This small device could make phone and autonomous car localization way much more accurate.
When you use Google Maps (or any other mapping service), it’s not just showing you the route to take — it’s also showing the direction you’re pointing your phone at. Most smart devices, from phones to modern cars, have some type of gyroscope inside them that allows them to do this, helping the device (and the user) know the direction it’s facing. But these gyroscopes are pretty bad quality. If you’d follow the gyroscope alone, you’d get lost in no time.
This is why most devices are so reliant on GPS, but GPS accuracy is also reduced to a couple of meters. So if we want to improve how geographical tracking in these devices, the gyroscope is a good place to start.
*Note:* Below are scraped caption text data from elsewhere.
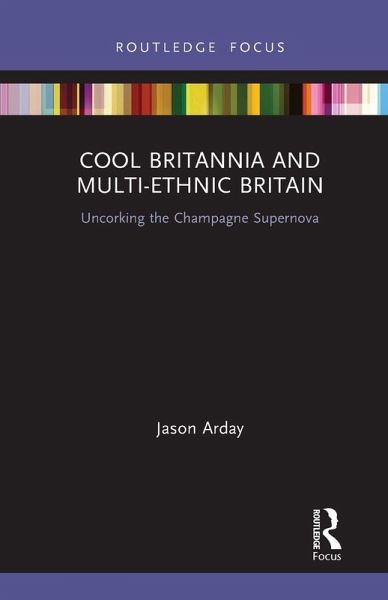 Cool Britannia and Multi-Ethnic Britain Cool Britannia and Multi-Ethnic Britain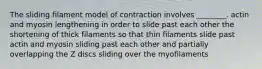 The sliding filament model of contraction involves ________. actin and myosin lengthening in order to slide past each other the shortening of thick filaments so that thin filaments slide past actin and myosin sliding past each other and partially overlapping the Z discs sliding over the myofilaments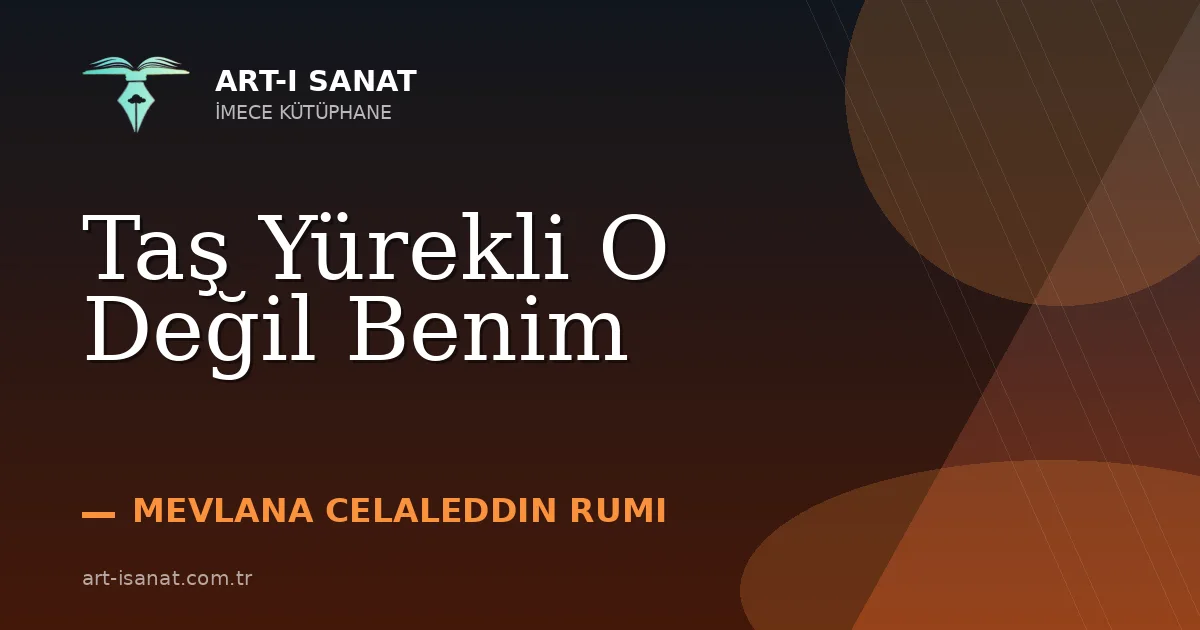Taş Yürekli O Değil Benim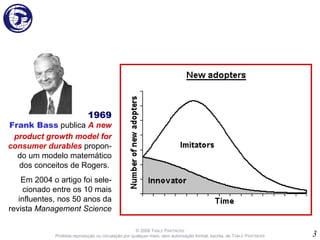 © 2008 T ABLE   P ARTNERS Proibida reprodução ou circulação por qualquer meio, sem autorização formal, escrita, de T ABLE  P ARTNERS 1969 Frank Bass  publica  A new product growth model for consumer durables  propon-do um modelo matemático dos conceitos de Rogers.  Em 2004 o artigo foi sele-cionado entre os 10 mais influentes, nos 50 anos da revista  Management Science 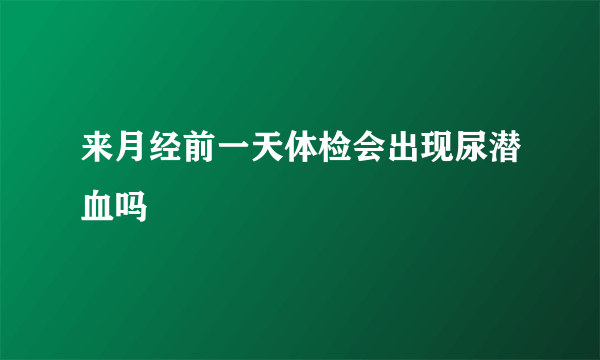 来月经前一天体检会出现尿潜血吗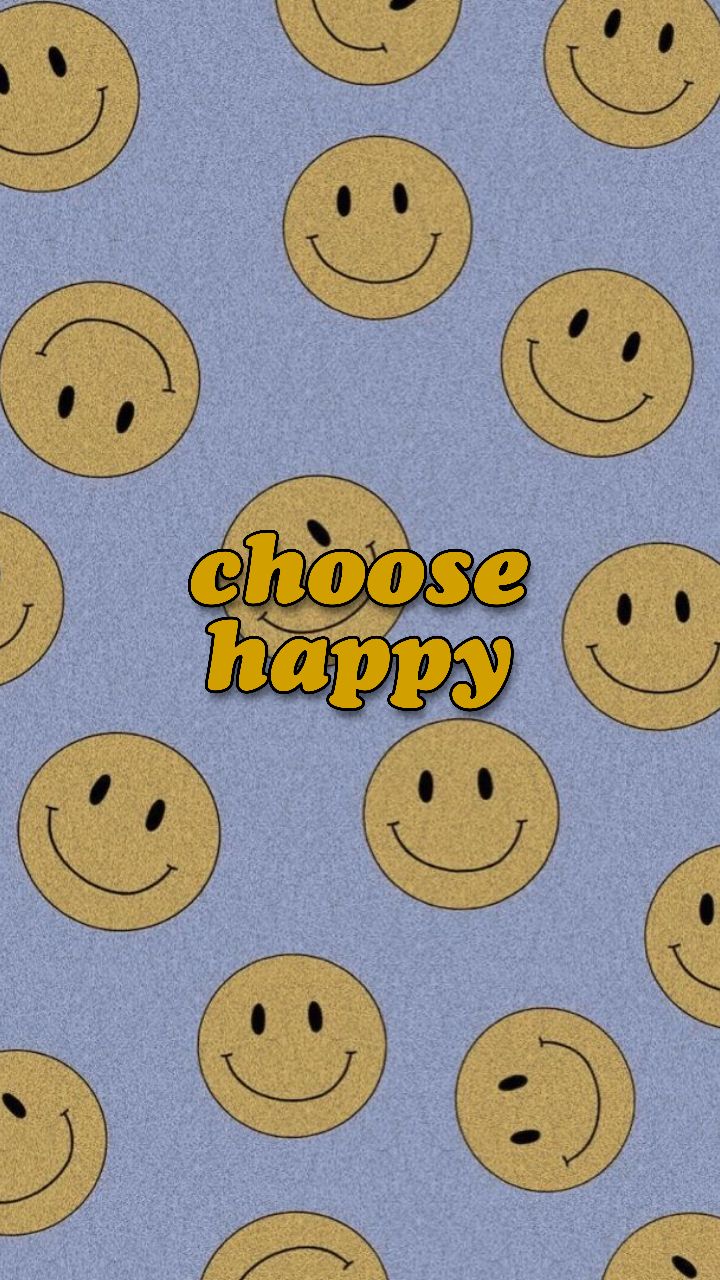 Choose happy - Happy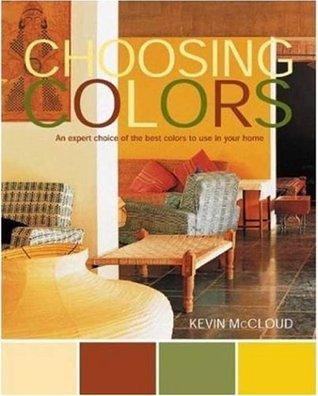 Choosing Colors					An Expert Choice of the Best Colors to Use in Your Home - Thryft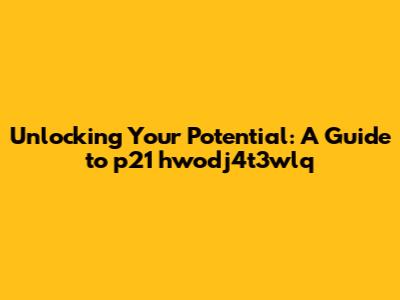 Unlocking Your Potential: A Guide to p21 hwodj4t3wlq
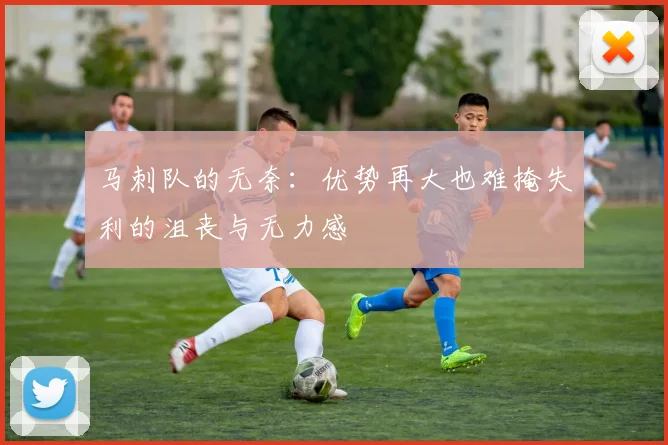 马刺队的无奈:优势再大也难掩失利的沮丧与无力感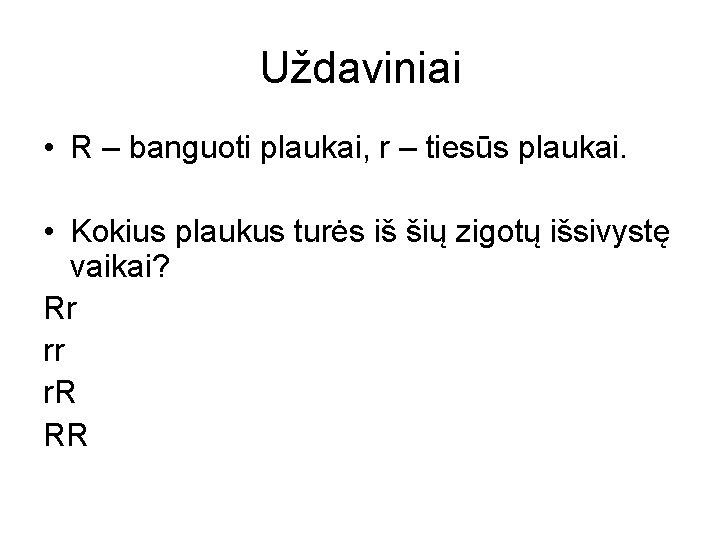 Uždaviniai • R – banguoti plaukai, r – tiesūs plaukai. • Kokius plaukus turės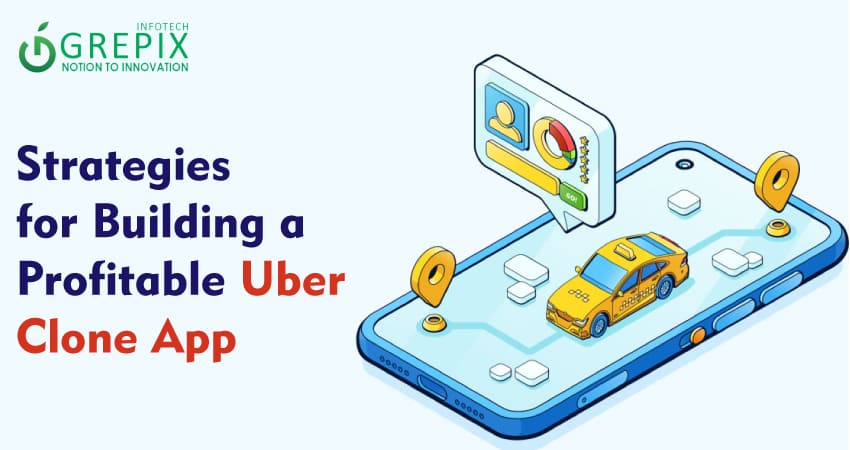 Strategies for Building a Profitable Uber Clone App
“High-performance gyroscopes are a bottleneck, and they have been for a long time. This gyroscope can remove this bottleneck by enabling the use of high-precision and low-cost inertial navigation in most autonomous vehicles,” said Jae Yoong Cho, an assistant research scientist in electrical engineering and computer science.
The device that enables navigation without a consistent orienting signal is called an inertial measurement unit. The unit is made up of three accelerometers and three gyroscopes, one for each axis in space — X, Y, and Z. The key to making a small and cheap gyroscope is an almost-symmetrical mechanical resonator. The quality of the resonator depends on the quality of the material.
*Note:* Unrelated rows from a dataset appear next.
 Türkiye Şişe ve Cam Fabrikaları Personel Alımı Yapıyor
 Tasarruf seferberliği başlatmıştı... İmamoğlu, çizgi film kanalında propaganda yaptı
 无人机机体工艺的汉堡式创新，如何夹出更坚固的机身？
The problem is that using better materials is prohibitively expensive. In a new study, researchers presented a new way to make extremely accurate gyroscopes, while keeping prices low at the same time.
“Our gyroscope is 10,000 times more accurate but only 10 times more expensive than gyroscopes used in your typical cell phones. This gyroscope is 1,000 times less expensive than much larger gyroscopes with similar performance,” said Khalil Najafi, the Schlumberger Professor of Engineering at U-M and a professor of electrical engineering and computer science.
Najafi’s team built a resonator from nearly perfect sheets of pure glass called fused silica — only a quarter of a millimeter thick, so researchers had to use a special blowtorch to heat it up and then melt it into the desired shape.
“Basically, the glass resonator vibrates in a certain pattern. If you suddenly rotate it, the vibrating pattern wants to stay in its original orientation. So, by monitoring the vibration pattern it is possible to directly measure rotation rate and angle,” said Sajal Singh, a doctoral student and co-author.
It remains to be seen how cheaply this chip can be made and how long it will take to implement it into other technology.